» WHAT TO DO: In the records below, find the line with "I can also turn", then copy each line exactly until you have copied the line with "Hello everyone, today". Leave any picture out.

[MATERIAL FOR THIS EXERCISE — start]

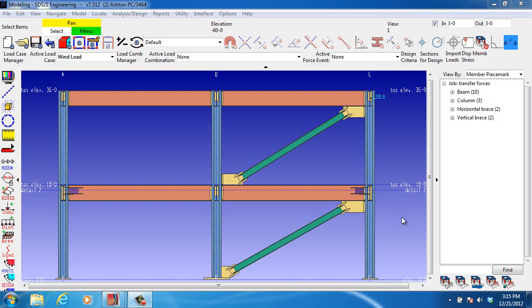Experienced connection designers understand the importance of transfer forces in designing safe connections. Also, per the AISC Code of Standard Practice, if the engineer of record is delegating the connection design, they are required to provide the connection designer with the transfer forces.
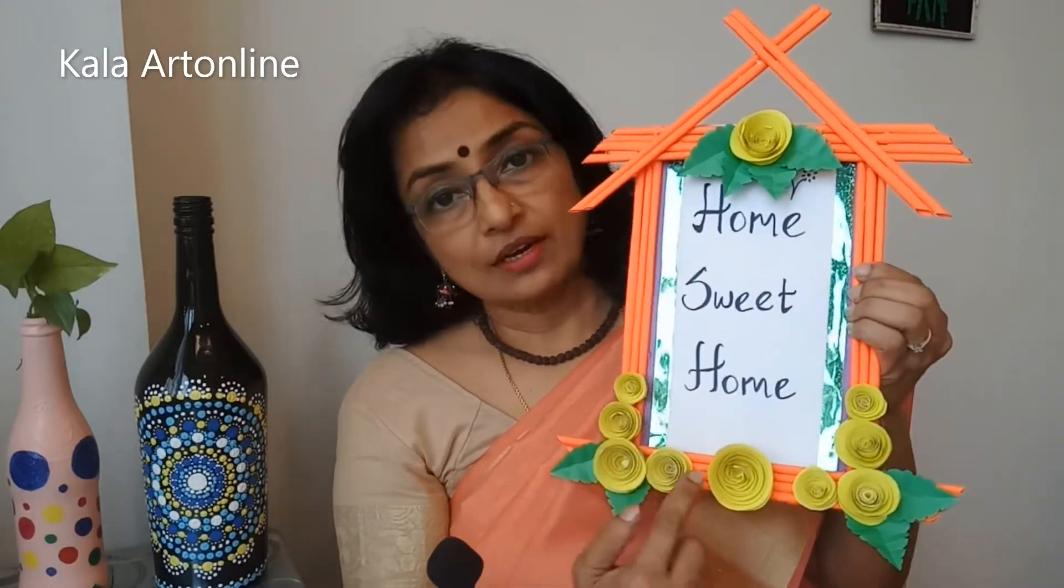Today we are making this photo frame. This is made out of simple newspaper rolls and the flask. I am just taking some flask here. The tutorial on how to make this flask I have already shown in one of my earlier videos. Do check out that video also. So this is today's class. Let's get started.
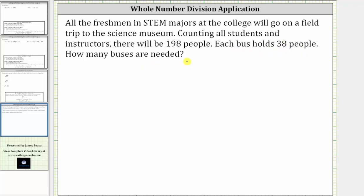To help us determine how many buses are needed, we need to determine how many 38s there are in 198, which means we need to divide 198 by 38. Let's set this up as long division.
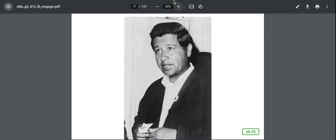Okay friends, so that was just kind of an introduction to all the people we'll be meeting over the next couple of weeks. What I would like you to do is log into Seesaw and complete the activity there that goes along with today's read aloud. All right friends, I will see you soon. Bye bye.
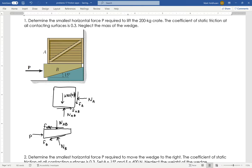So those are my free body diagrams. There's a whole bunch of unknowns. Let's go ahead and start applying equations. There's no tipping in this problem at all — only sliding. That's kind of how wedges work; they slide. So we'll sum the forces in the X direction, starting with the top free body diagram. I'll have FAB, then minus the wall normal force NA, and set that equal to zero.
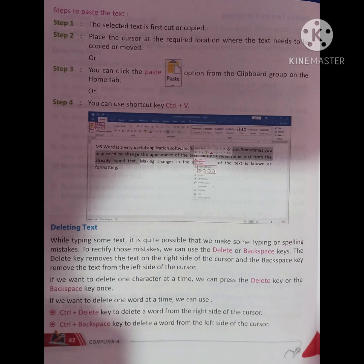Deleting Text: While typing, it is quite possible that we make some typing or spelling mistakes. To rectify those mistakes, we can use the Delete or Backspace keys. The Delete key removes the text on the right side of the cursor, and the Backspace key removes the text from the left side of the cursor. To delete one word at a time, use Ctrl+Delete to delete a word to the right, or Ctrl+Backspace to delete a word to the left.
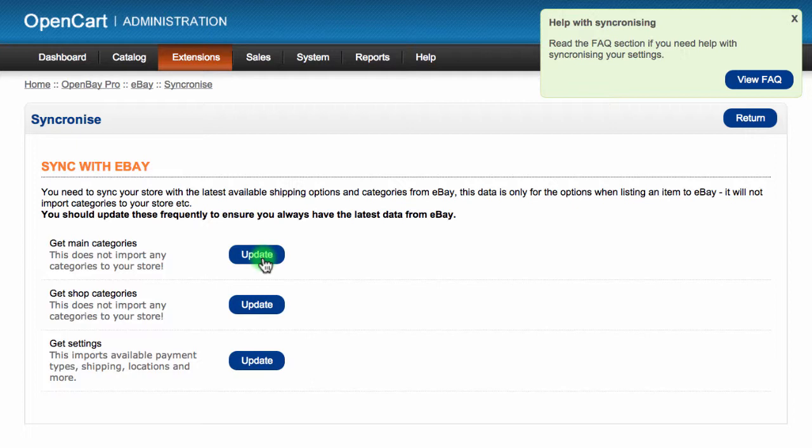The 'Get shop category' setting only applies if you have a store on eBay. It will import all of your eBay shop categories, so when you create a new listing, you can choose what category in your shop that product will be added to.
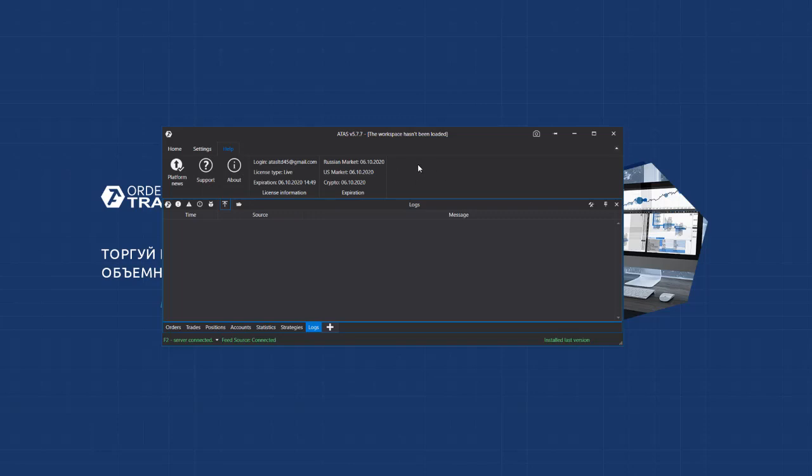This is about all for now. The brief review of the platform is finished. We wish you profitable trading and see you in our next video with a detailed review of the charts in ATAS.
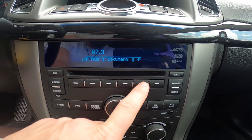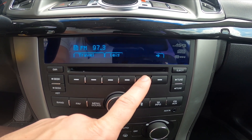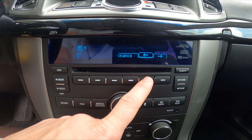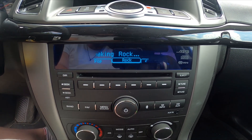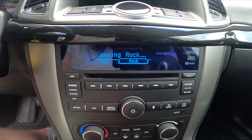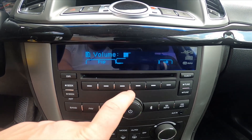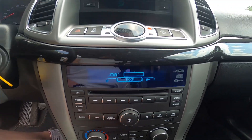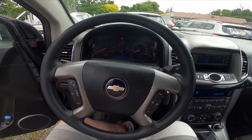From the options — news, documents, country, jazz, travel, phone-in, religion, and many more — let's select, for example, rock. Now the radio is seeking for rock, and it's done. If you find this video helpful, please like, comment, and subscribe.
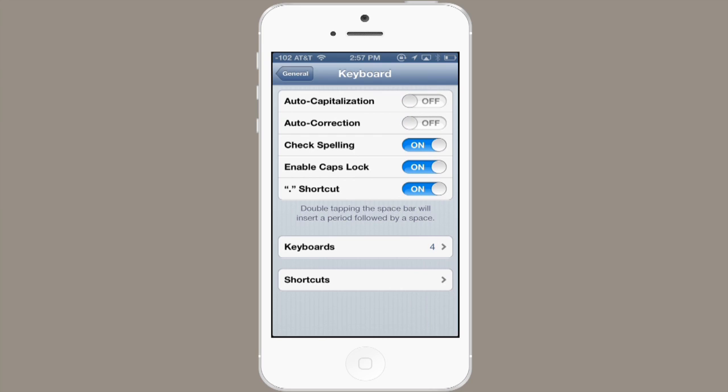I can also turn off spell check. I can enable or disable caps lock. And I can enable or disable the double tap space to create a period shortcut.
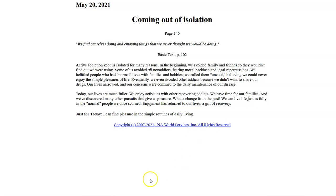Copyright 2007 to 2021, NA World Services Incorporated. All rights reserved.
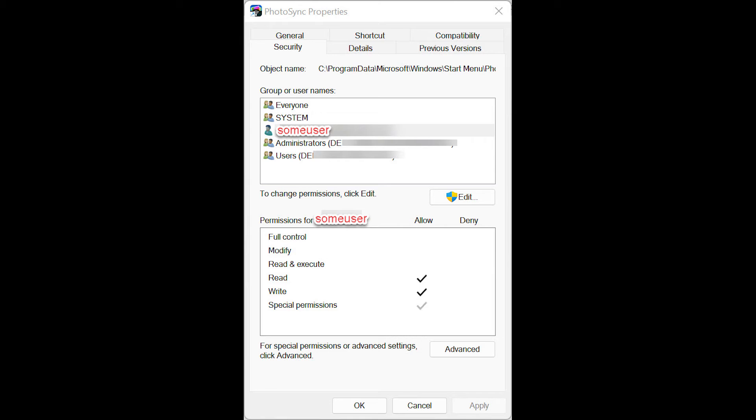Make sure that your login name is chosen. Then make sure that the permissions for that user have checked Read and Write. Having done that, click Apply, then click OK.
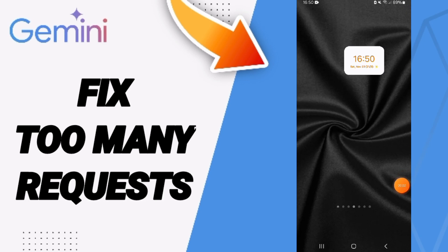Hello everyone, today we will talk about how to fix or how to solve the problem of too many requests on the application of Gemini.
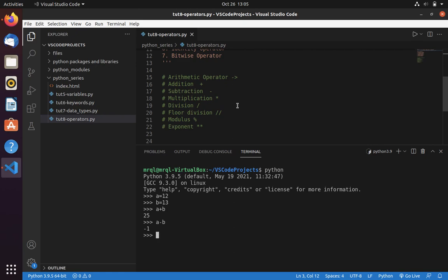If you want to perform multiplication you can use star. If you want to perform division then you can use slash.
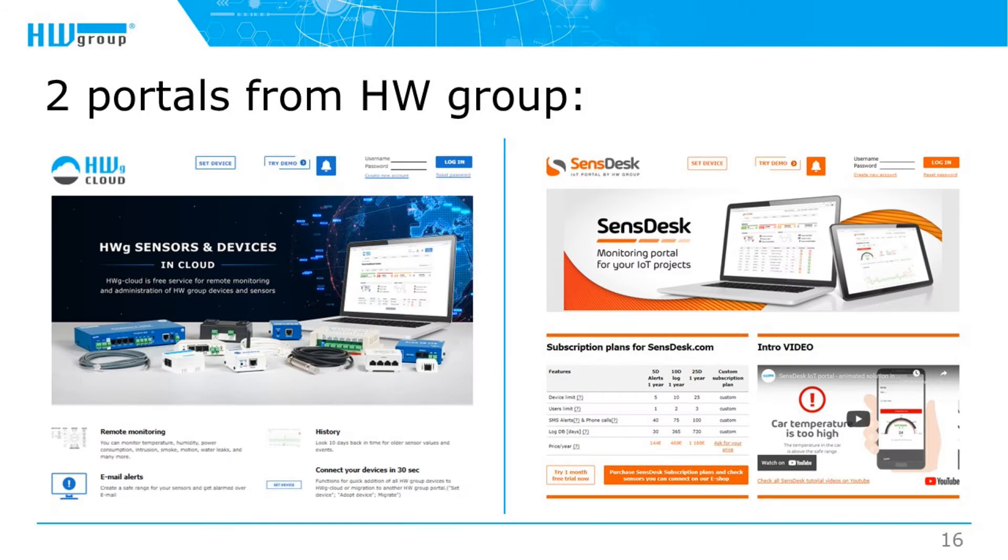In this video we are going to demonstrate how to use the free Havage Cloud and the paid SensDesk portal and how to move devices between them.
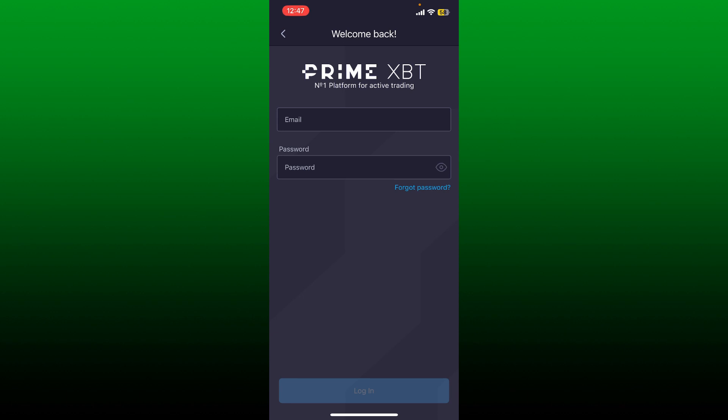Go ahead and type in your email associated with Prime XBT, and then type in your correct password in the next field. Make sure to type in the same password that you registered with while signing up for the account.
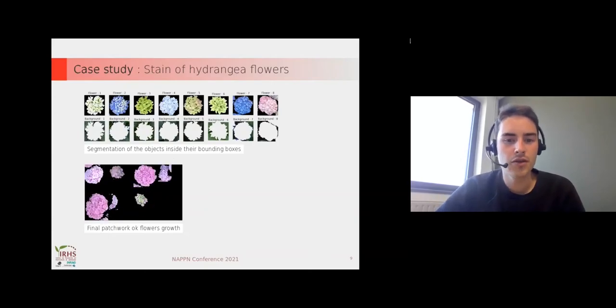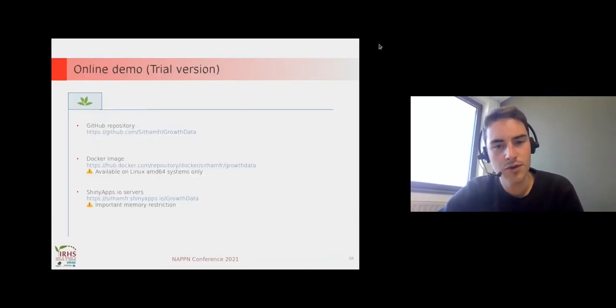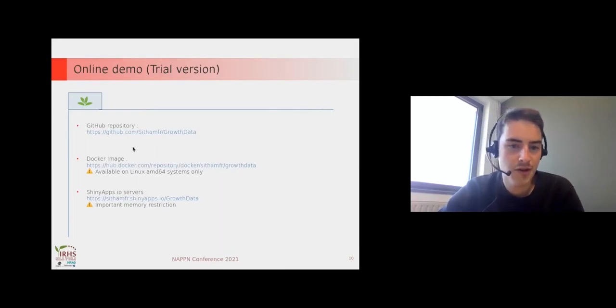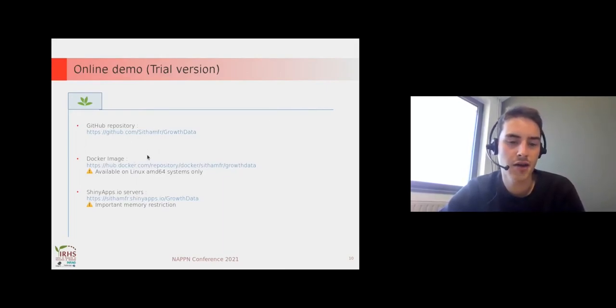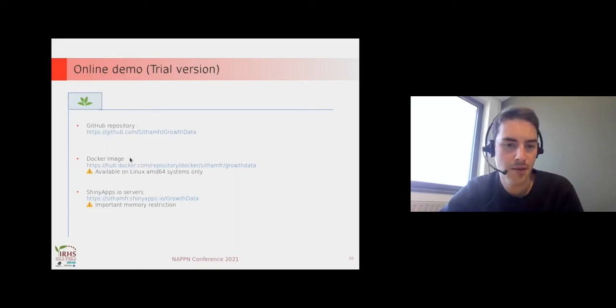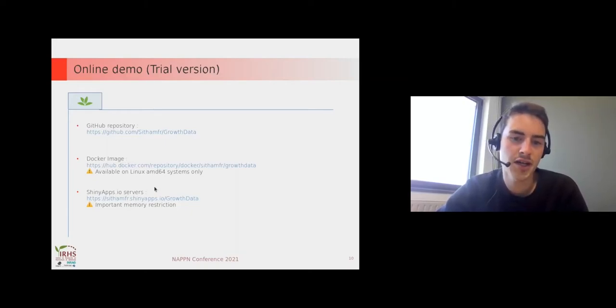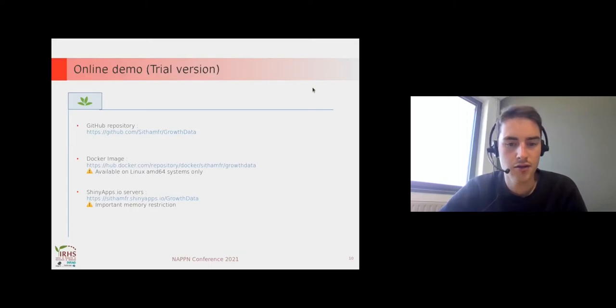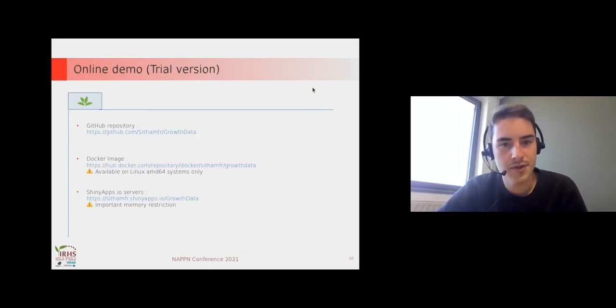Let's go for the demo. If you want more information you can go to the GitHub repository, and if you want to try the online demo of the app you have the Docker image and shinyapps.io servers which allow you to use it online.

[MATERIAL FOR THIS EXERCISE — finish]

» ANSWER TO THIS TASK:
I can also turn off spell check. I can enable or disable caps lock. And I can enable or disable the double tap space to create a period shortcut.
Copyright 2007 to 2021, NA World Services Incorporated. All rights reserved.
Make sure that your login name is chosen. Then make sure that the permissions for that user have checked Read and Write. Having done that, click Apply, then click OK.
Hello everyone, today we will talk about how to fix or how to solve the problem of too many requests on the application of Gemini.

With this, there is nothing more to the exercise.